Moving Innovations in Lysosomal Storage Disease Testing into Widespread Clinical Use
Although there are tests for hundreds of other genetic diseases, in addition to the lysosomal storage diseases, it would be difficult and costly to screen every child for each of them. Some tests may be difficult, requiring a more invasive sample procedure than the use of a dried blood spot, or requiring expensive, unusual testing equipment, for example. Others may often yield ambiguous results, or cause needless worry among parents by misdiagnosing a disease in infants who are actually healthy. Even if the test is accurate and simple to perform, if there is no way to treat for the disease, or if it can be treated effectively even after symptoms develop, routine screening of most newborns would not be useful.
For these reasons, the U.S. Health Resources and Services Administration assembled a group of experts in diagnostic testing called the Advisory Committee on Heritable Disorders in Newborns and Children, which carefully considers evidence from clinical research to determine whether states throughout the Nation should routinely screen newborns for various genetic diseases. The Committee publishes and periodically updates a list, the Recommended Uniform Screening Panel, that now includes tests for MPS-I and Pompe disease among the dozens of diseases infants should be screened for. The bar is high for adding additional diseases, given limited resources, but the availability of reliable tests and treatments for several other lysosomal storage diseases suggest they may be added in the future. Indeed, many states require testing for lysosomal storage diseases not currently listed on the Uniform Panel.

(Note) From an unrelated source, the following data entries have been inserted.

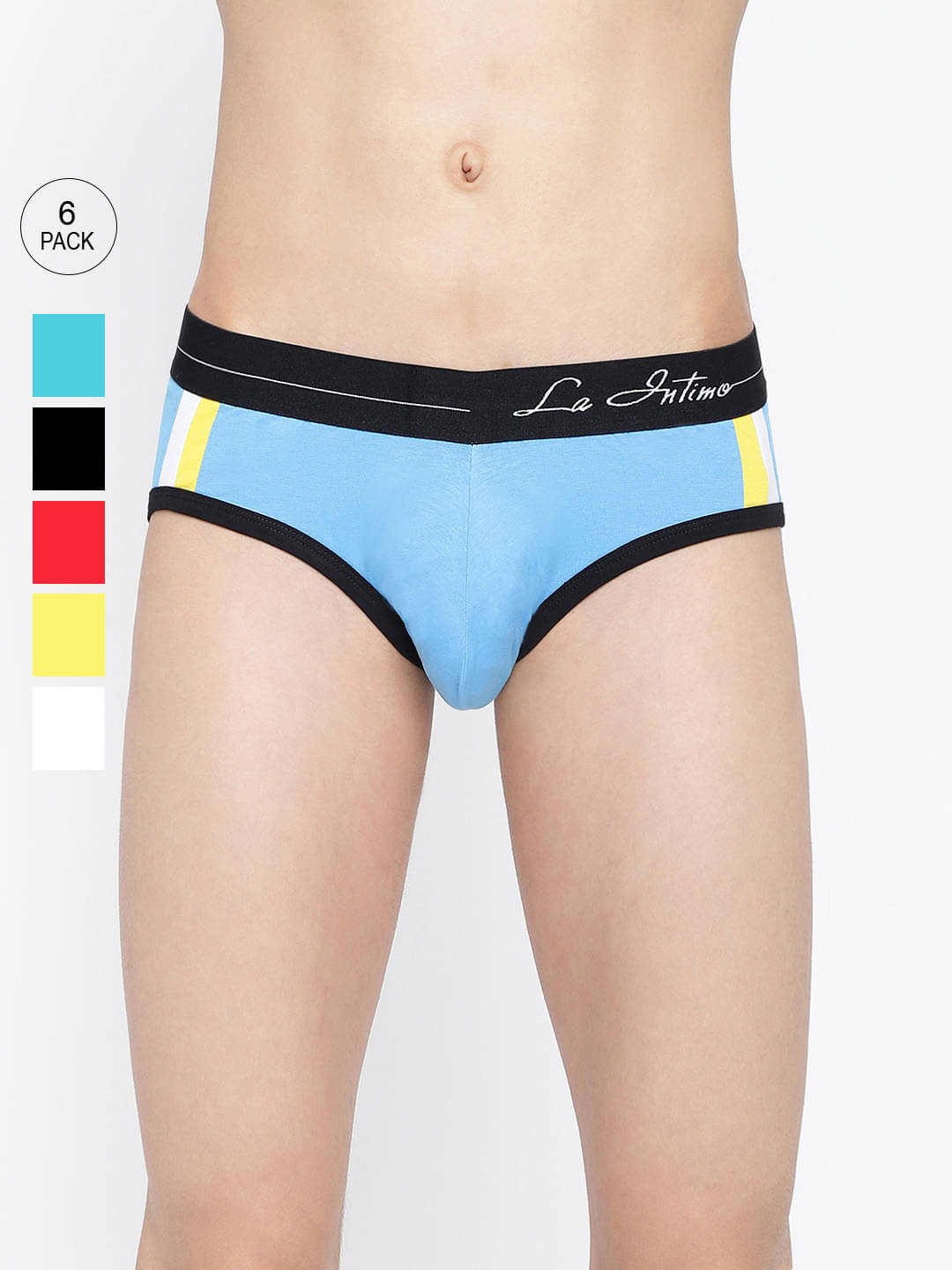 La Intimo Pack of 6 Cotton Blend Briefs For Men's ( Multicolor ) La Intimo Pack of 6 Cotton Blend Briefs For Men's ( Multicolor )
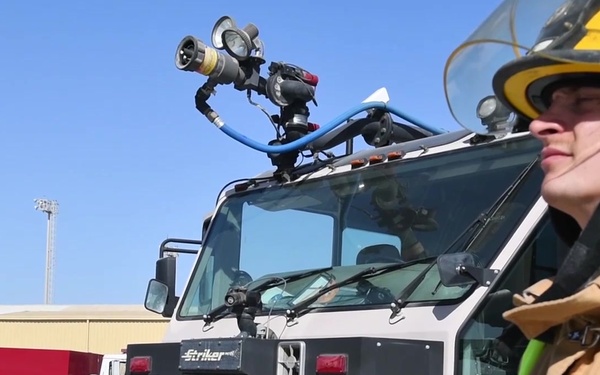 BROLL: ADAB firefighters conduct egress training on KC-10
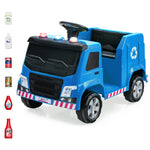 Kids Recycling Garbage Truck 12V Battery Powered Electric Ride-On Car Trash Truck with Remote Control & Recycling Accessories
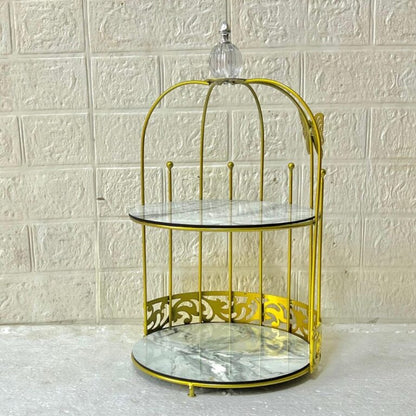 2 Tire Butterfly Design Gold Makeup Organizer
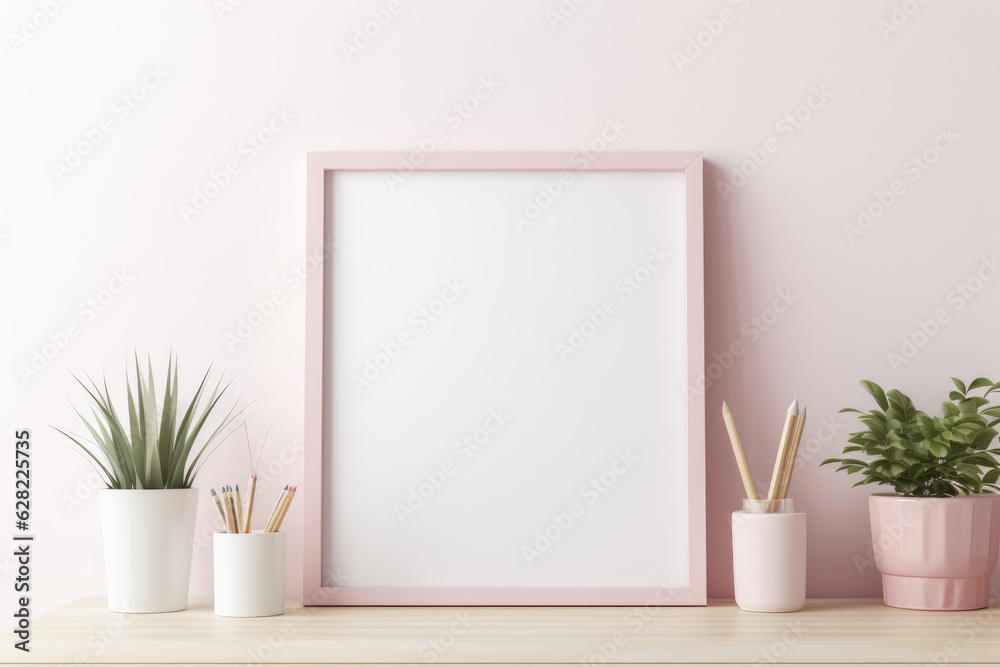 Creative Workspace with Pink Picture Frame and Potted Plants. Generative AI Creative Workspace with Pink Picture Frame and Potted Plants. Generative AI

The Future of Research and Treatment for Lysosomal Storage Diseases
In 2018, the FDA approved a simultaneous mass spectrometry test for Gaucher, Niemann-Pick A/B, Pompe, Krabbe, Fabry, and MPS I Diseases. The availability of reliable testing means many children with lysosomal storage diseases may soon be diagnosed earlier, and more accurately. This fact, combined with the therapeutic options now available, is reducing the burden of these serious diseases for affected children and families. Earlier diagnosis not only allows therapy to begin before irreversible organ damage may have occurred, it also potentially helps avoid costly diagnostic efforts to determine the cause of a child’s health issues, as well as potentially ineffective therapies that might precede an eventual correct diagnosis. While lysosomal storage disease therapeutics currently in clinical use are not perfect and well short of a cure, further research to develop improved methods to treat these diseases is currently in development.
In addition, researchers have developed and are testing diagnostic methods for many more lysosomal storage diseases, including other forms of MPS (such as types II, IIIA, IIIB, IVA, and VI). Such developments would provide the opportunity to screen for many more lysosomal storage diseases, administer available therapy early, and greatly improve the lives of those affected by these disorders.